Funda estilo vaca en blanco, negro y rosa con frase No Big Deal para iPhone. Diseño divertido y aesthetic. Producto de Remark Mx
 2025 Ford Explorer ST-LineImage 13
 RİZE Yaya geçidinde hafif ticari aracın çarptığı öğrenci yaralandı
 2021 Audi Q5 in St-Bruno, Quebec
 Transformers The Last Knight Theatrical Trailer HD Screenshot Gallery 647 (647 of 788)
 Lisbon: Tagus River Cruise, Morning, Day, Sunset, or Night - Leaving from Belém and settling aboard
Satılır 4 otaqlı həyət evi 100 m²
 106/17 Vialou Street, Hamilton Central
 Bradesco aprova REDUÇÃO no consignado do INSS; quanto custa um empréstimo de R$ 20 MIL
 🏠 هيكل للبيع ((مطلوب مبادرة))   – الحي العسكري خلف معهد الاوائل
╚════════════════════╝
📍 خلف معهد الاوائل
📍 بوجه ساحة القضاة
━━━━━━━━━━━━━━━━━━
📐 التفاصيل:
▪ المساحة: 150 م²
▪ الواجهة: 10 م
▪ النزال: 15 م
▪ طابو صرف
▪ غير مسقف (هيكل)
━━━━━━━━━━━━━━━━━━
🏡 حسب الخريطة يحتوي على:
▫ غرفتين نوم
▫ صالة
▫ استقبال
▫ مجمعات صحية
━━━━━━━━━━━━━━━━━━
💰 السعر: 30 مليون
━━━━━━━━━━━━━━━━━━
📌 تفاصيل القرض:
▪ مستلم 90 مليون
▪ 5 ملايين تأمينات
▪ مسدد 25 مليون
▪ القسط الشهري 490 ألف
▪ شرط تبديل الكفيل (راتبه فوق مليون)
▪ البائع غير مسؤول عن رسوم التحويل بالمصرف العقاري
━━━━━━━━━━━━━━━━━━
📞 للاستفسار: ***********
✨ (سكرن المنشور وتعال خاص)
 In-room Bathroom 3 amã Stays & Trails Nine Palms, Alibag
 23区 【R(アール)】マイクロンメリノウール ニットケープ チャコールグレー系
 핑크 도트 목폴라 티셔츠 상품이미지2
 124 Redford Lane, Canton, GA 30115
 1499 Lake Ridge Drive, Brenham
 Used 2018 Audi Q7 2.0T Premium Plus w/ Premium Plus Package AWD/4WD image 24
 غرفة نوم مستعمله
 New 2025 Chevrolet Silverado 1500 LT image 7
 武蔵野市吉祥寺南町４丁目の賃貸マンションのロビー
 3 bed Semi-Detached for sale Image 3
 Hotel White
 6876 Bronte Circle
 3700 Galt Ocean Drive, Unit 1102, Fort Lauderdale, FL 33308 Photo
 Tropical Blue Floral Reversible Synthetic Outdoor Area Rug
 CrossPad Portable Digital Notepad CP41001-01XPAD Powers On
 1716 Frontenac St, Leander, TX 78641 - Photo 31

────

## Exercise requirements
From the line containing "In-room Bathroom 3" through the end of the material, print each line exactly as it appears.

## Solution to this problem
 In-room Bathroom 3 amã Stays & Trails Nine Palms, Alibag
 23区 【R(アール)】マイクロンメリノウール ニットケープ チャコールグレー系
 핑크 도트 목폴라 티셔츠 상품이미지2
 124 Redford Lane, Canton, GA 30115
 1499 Lake Ridge Drive, Brenham
 Used 2018 Audi Q7 2.0T Premium Plus w/ Premium Plus Package AWD/4WD image 24
 غرفة نوم مستعمله
 New 2025 Chevrolet Silverado 1500 LT image 7
 武蔵野市吉祥寺南町４丁目の賃貸マンションのロビー
 3 bed Semi-Detached for sale Image 3
 Hotel White
 6876 Bronte Circle
 3700 Galt Ocean Drive, Unit 1102, Fort Lauderdale, FL 33308 Photo
 Tropical Blue Floral Reversible Synthetic Outdoor Area Rug
 CrossPad Portable Digital Notepad CP41001-01XPAD Powers On
 1716 Frontenac St, Leander, TX 78641 - Photo 31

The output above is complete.